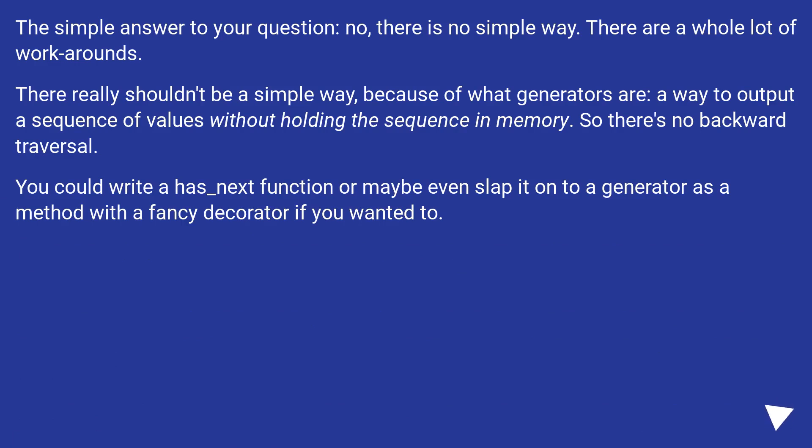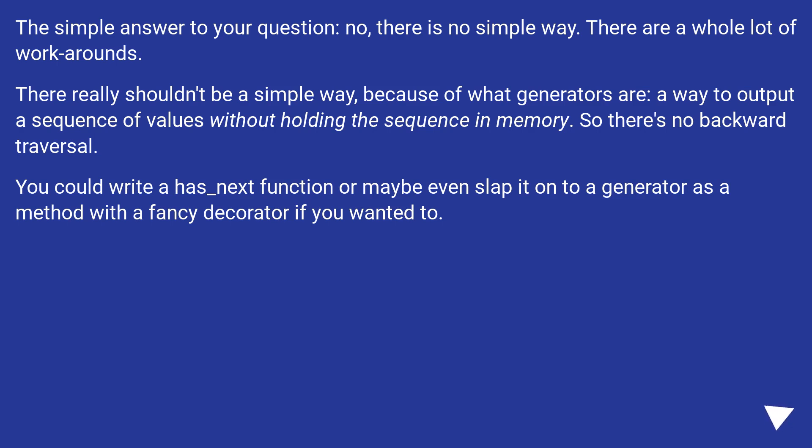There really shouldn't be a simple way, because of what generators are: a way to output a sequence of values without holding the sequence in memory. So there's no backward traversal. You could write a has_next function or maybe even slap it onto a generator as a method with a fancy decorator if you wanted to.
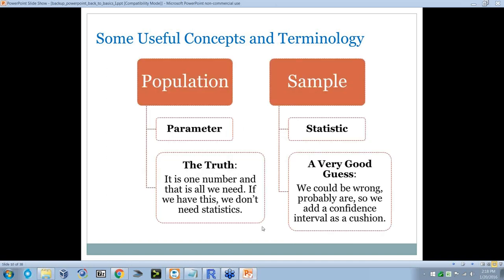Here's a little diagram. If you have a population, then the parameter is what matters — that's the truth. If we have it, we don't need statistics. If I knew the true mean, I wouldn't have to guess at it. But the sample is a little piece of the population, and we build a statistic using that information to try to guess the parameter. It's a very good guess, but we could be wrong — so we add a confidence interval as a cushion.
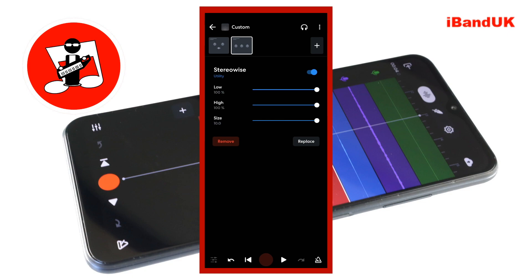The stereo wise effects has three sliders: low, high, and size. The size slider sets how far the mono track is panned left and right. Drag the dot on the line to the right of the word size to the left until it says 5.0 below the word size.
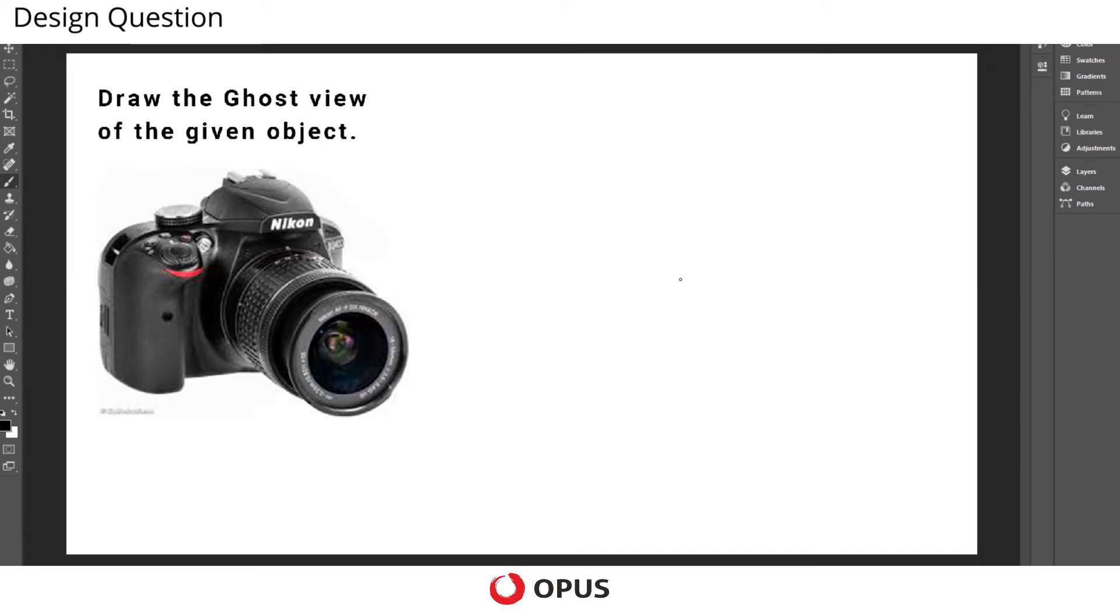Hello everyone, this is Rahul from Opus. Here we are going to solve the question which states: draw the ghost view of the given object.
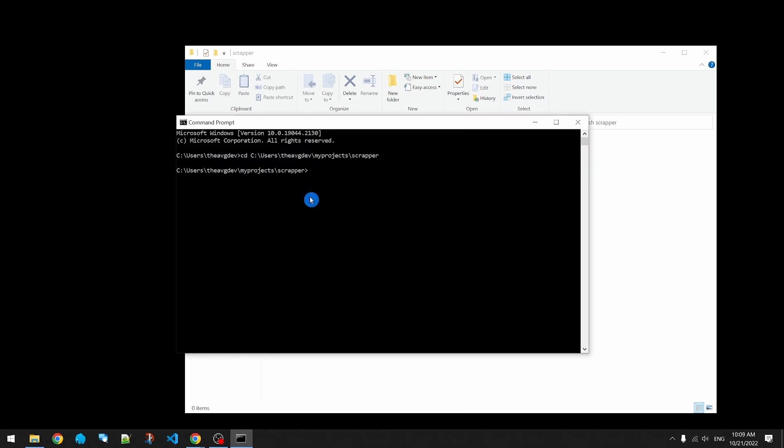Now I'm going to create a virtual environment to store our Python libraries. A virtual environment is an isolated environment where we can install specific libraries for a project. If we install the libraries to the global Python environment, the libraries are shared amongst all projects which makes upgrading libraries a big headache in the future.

^^^^

Your objective —
For this exercise, return every entry verbatim and omit all pictures.

Answer below —
There really shouldn't be a simple way, because of what generators are: a way to output a sequence of values without holding the sequence in memory. So there's no backward traversal. You could write a has_next function or maybe even slap it onto a generator as a method with a fancy decorator if you wanted to.
Here's a little diagram. If you have a population, then the parameter is what matters — that's the truth. If we have it, we don't need statistics. If I knew the true mean, I wouldn't have to guess at it. But the sample is a little piece of the population, and we build a statistic using that information to try to guess the parameter. It's a very good guess, but we could be wrong — so we add a confidence interval as a cushion.
The stereo wise effects has three sliders: low, high, and size. The size slider sets how far the mono track is panned left and right. Drag the dot on the line to the right of the word size to the left until it says 5.0 below the word size.
Hello everyone, this is Rahul from Opus. Here we are going to solve the question which states: draw the ghost view of the given object.
Now I'm going to create a virtual environment to store our Python libraries. A virtual environment is an isolated environment where we can install specific libraries for a project. If we install the libraries to the global Python environment, the libraries are shared amongst all projects which makes upgrading libraries a big headache in the future.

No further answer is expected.